Saiful melihat angka identifikasi diri dengan partai politik ini sangat rendah. Jika dibandingkan dengan kecenderungan di Amerika Serikat sendiri, yang mengaku dirinya sebagai orang partai adalah mayoritas. Sedangkan yang mengaku tidak dekat atau bukan bagian dari partai politik justru minoritas.
"Ini menunjukkan bahwa di Amerika, transformasi dari identitas sosial ke identitas politik sudah terjadi," jelas dia.
Saiful melanjutkan, bahwa dari 20 persen yang menyatakan ada partai yang dia dekat dengannya, hanya ada 67 persen yang mengaku sangat atau cukup dekat. Ada 30 persen yang menyatakan kedekatannya sedikit saja. Artinya hanya sekitar 13 persen warga yang memiliki perasaan dekat dengan partai politik tertentu.

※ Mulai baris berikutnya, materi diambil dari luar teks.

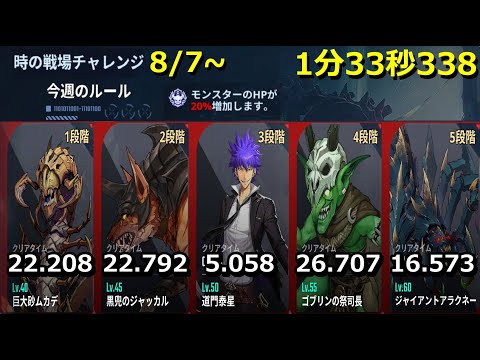 【俺アラ】時の戦場チャレンジ 8/7~ 1分33秒338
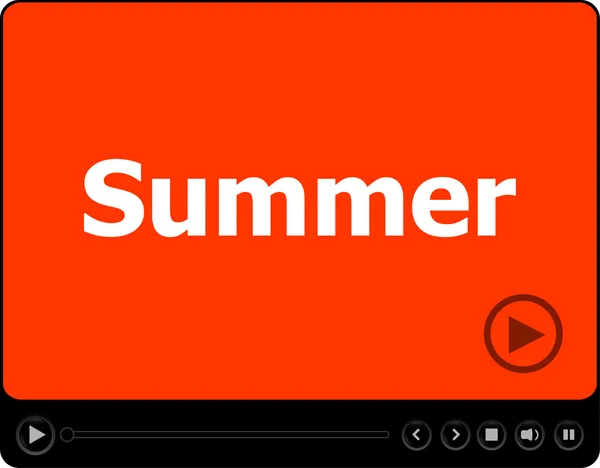 Video player voor het web met woord zomer, vakantie of technologie kaart — Stockfoto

"Hal ini sebagai penyebab mengapa sistem kepartaian di Indonesia tidak stabil. Ini juga yang menyebabkan mengapa polarisasi sosial lebih kuat ketimbang polarisasi politik," tutur dia.
Saiful melihat identitas partai belum terjadi di Indonesia. Analisis sosiologis lebih dominan dari analisis psikologis identitas partai. Artinya, di Indonesia, kebanyakan yang ditanya bukan partainya apa, tapi dia dari daerah mana, etnis apa, agama, hingga pribumi atau non-pribumi.
“Di Indonesia, identitas partai masih sangat lemah,” kata Saiful.